INPUT DATA:
= = = = = = =
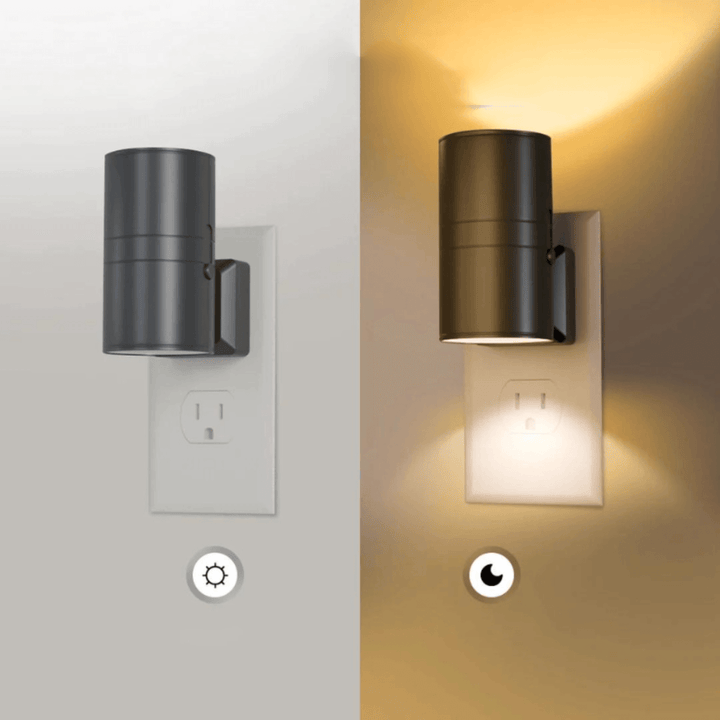 AoraLights | Modern Waterproof Lamp | Indoor &amp; Outdoor Wall Lighting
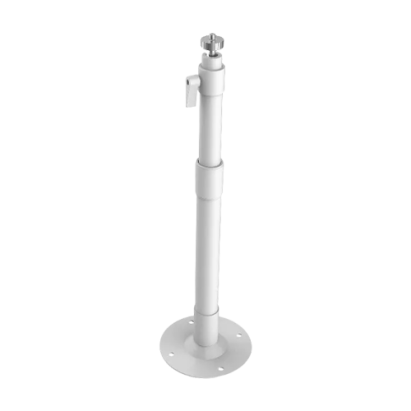 Suport suspendat extensibil 1.2~2m prindere tavan - HIKVISION DS-1297ZJ SafetyGuard Surveillance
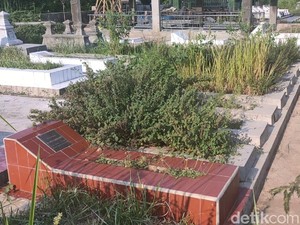 Menengok Makam Amir Sjarifuddin dan 10 Tokoh Pemberontakan PKI Madiun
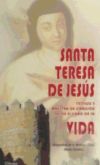 Seller image for Santa Teresa de Jess testigo y maestra de oracin desde el libro de su vida for sale by AG Library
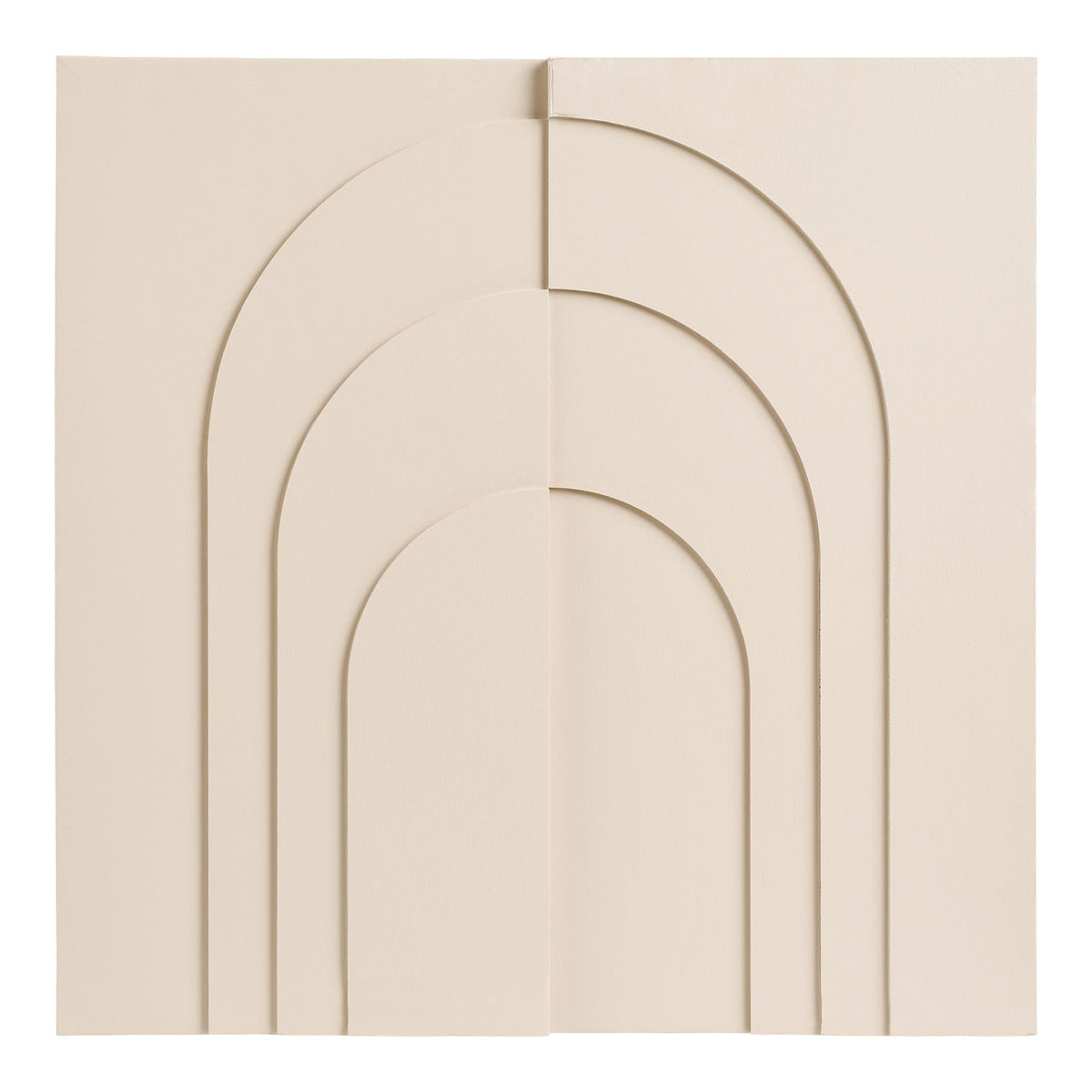 House Nordic Wall Decoration INA 4991012 — Soft Room, Costa del Sol, Spain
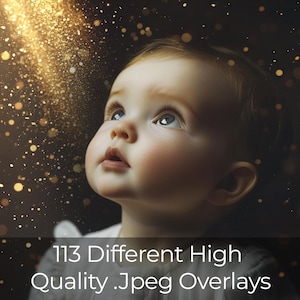 113 Gold Glitter Overlays Blowing Glitter Photoshop Overlays Bokeh Effect Glitter Bokeh Dust Blowing Gold Bokeh Glitter Photo Overlay JPG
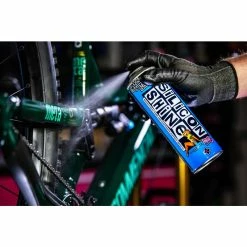 Muc-Off Silicone Shine -Fahrradladen muc off silicone shine4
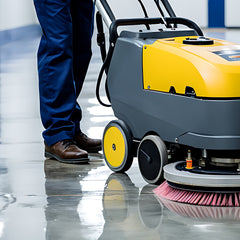 Collection image for: Cleaning & Maintenance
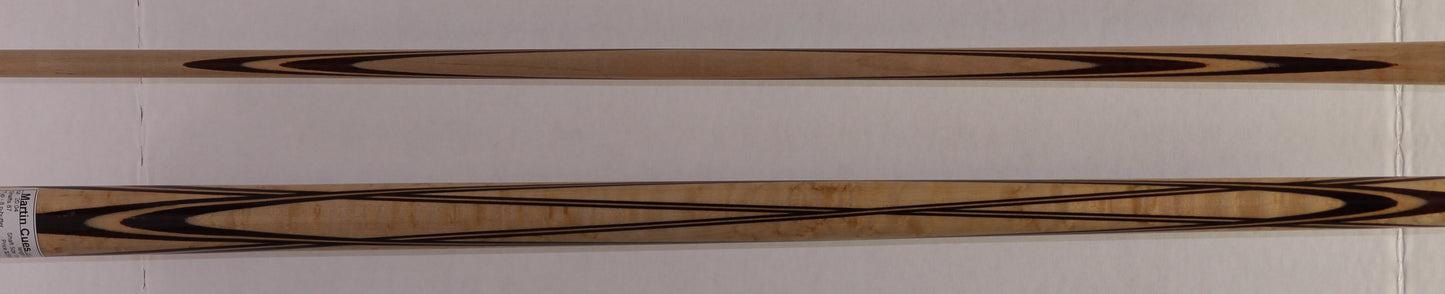 8 point 87 - snakewood shaft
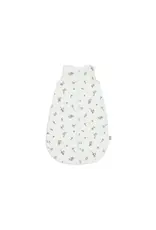 Jollein Jollein slaapzak zomer afritsbare mouwen jersey rond 70cm Riverside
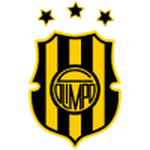Lambang Olimpo Bahia Blanca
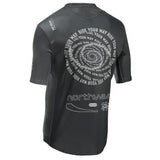 Maglia Northwave Edge 2 - Nero - P
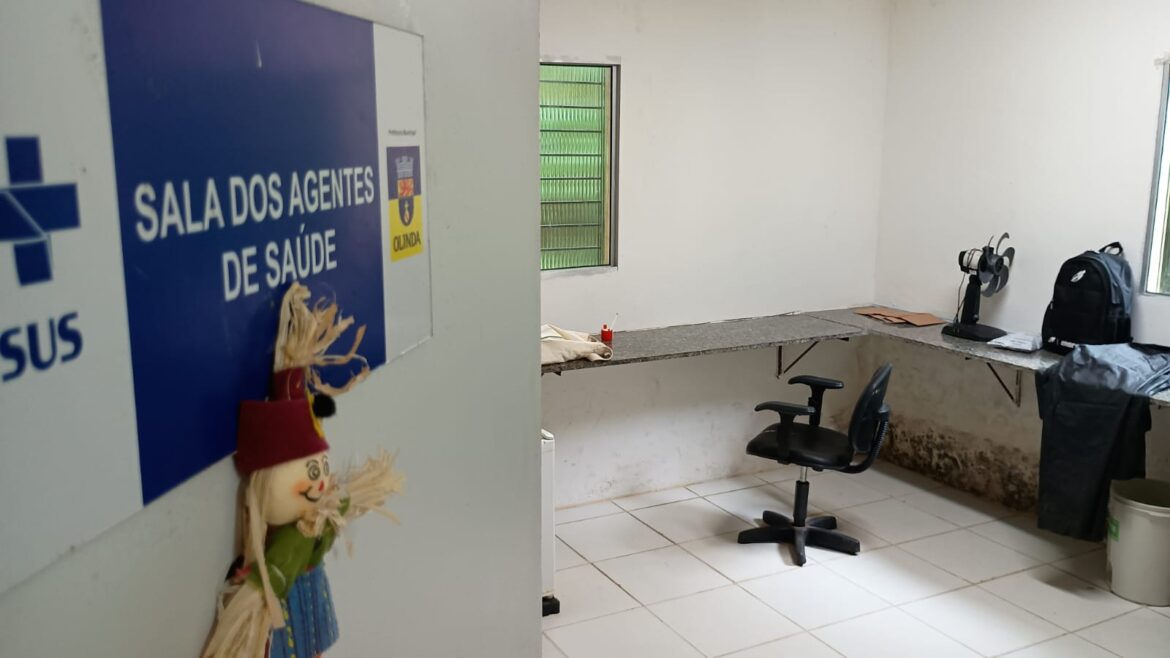 Coren-PE realiza interdição ética de unidades de saúde em Olinda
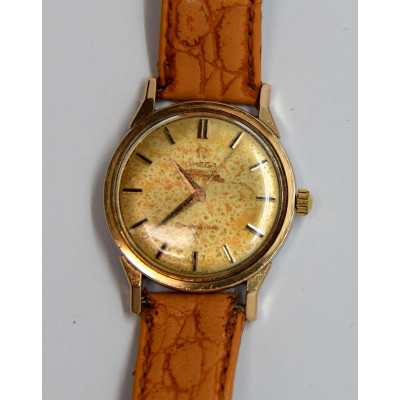 RELOJ AUTOMATICO OMEGA CONSTELLATION 167.005 CAL 551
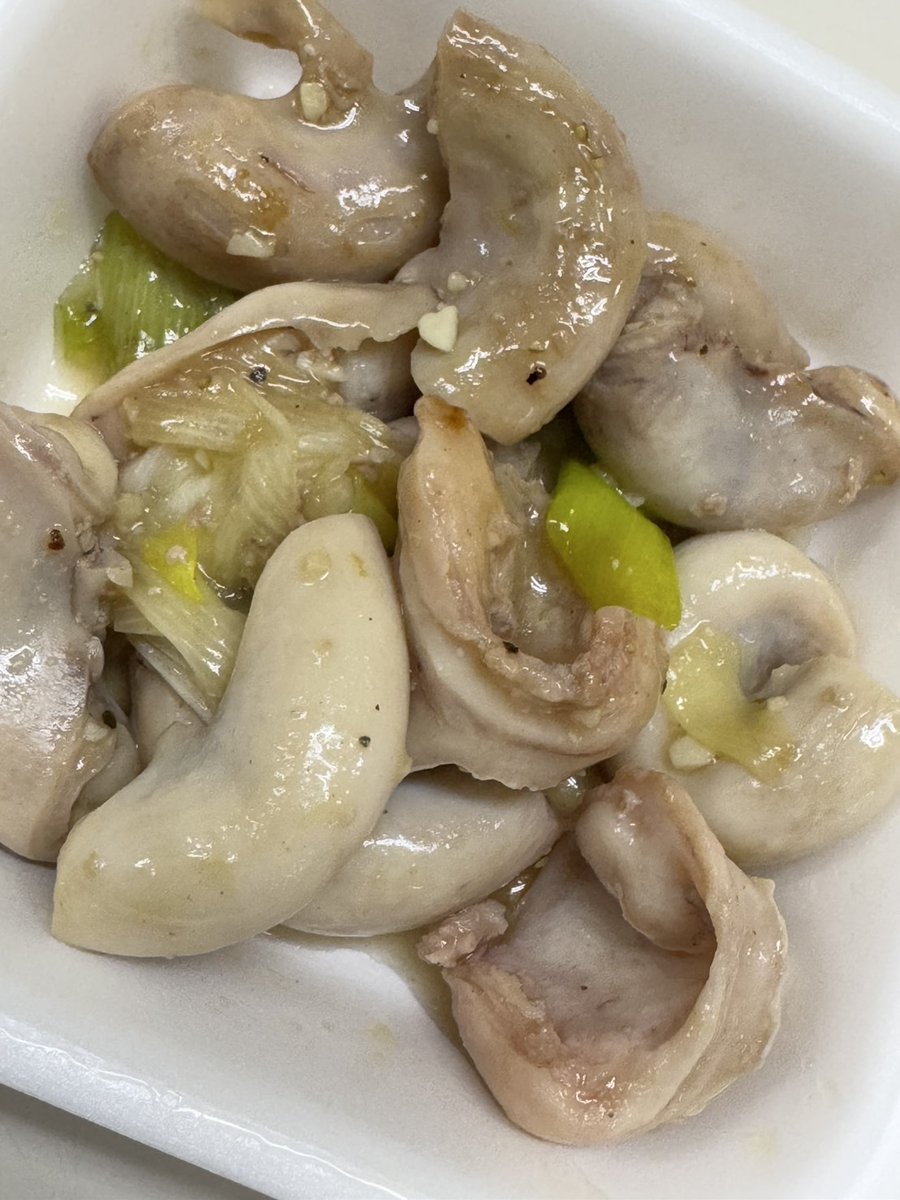 本日も298をご利用いただき、誠にありがとうございました🙇‍♂️！

#11月8日の献立 
#日替わり弁当

🉐ヒレカツ弁当  ￥650
🉐むね唐揚げ弁当  ￥590
🉐むね唐揚げ100ｇ  ￥200

今週もホルモン全種類揃ってます🙆
週末もよろしくお願いいたします！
= = = = = = =
EXERCISE AIM: Only the lines from the one containing "Suport suspendat extensibil" through the final line of the records should be transcribed, exactly and with no pictures.

RESULT FOR THIS TASK:
 Suport suspendat extensibil 1.2~2m prindere tavan - HIKVISION DS-1297ZJ SafetyGuard Surveillance
 Menengok Makam Amir Sjarifuddin dan 10 Tokoh Pemberontakan PKI Madiun
 Seller image for Santa Teresa de Jess testigo y maestra de oracin desde el libro de su vida for sale by AG Library
 House Nordic Wall Decoration INA 4991012 — Soft Room, Costa del Sol, Spain
 113 Gold Glitter Overlays Blowing Glitter Photoshop Overlays Bokeh Effect Glitter Bokeh Dust Blowing Gold Bokeh Glitter Photo Overlay JPG
 Muc-Off Silicone Shine -Fahrradladen muc off silicone shine4
 Collection image for: Cleaning & Maintenance
 8 point 87 - snakewood shaft
 Jollein Jollein slaapzak zomer afritsbare mouwen jersey rond 70cm Riverside
Lambang Olimpo Bahia Blanca
 Maglia Northwave Edge 2 - Nero - P
 Coren-PE realiza interdição ética de unidades de saúde em Olinda
 RELOJ AUTOMATICO OMEGA CONSTELLATION 167.005 CAL 551
 本日も298をご利用いただき、誠にありがとうございました🙇‍♂️！

#11月8日の献立 
#日替わり弁当

🉐ヒレカツ弁当  ￥650
🉐むね唐揚げ弁当  ￥590
🉐むね唐揚げ100ｇ  ￥200

今週もホルモン全種類揃ってます🙆
週末もよろしくお願いいたします！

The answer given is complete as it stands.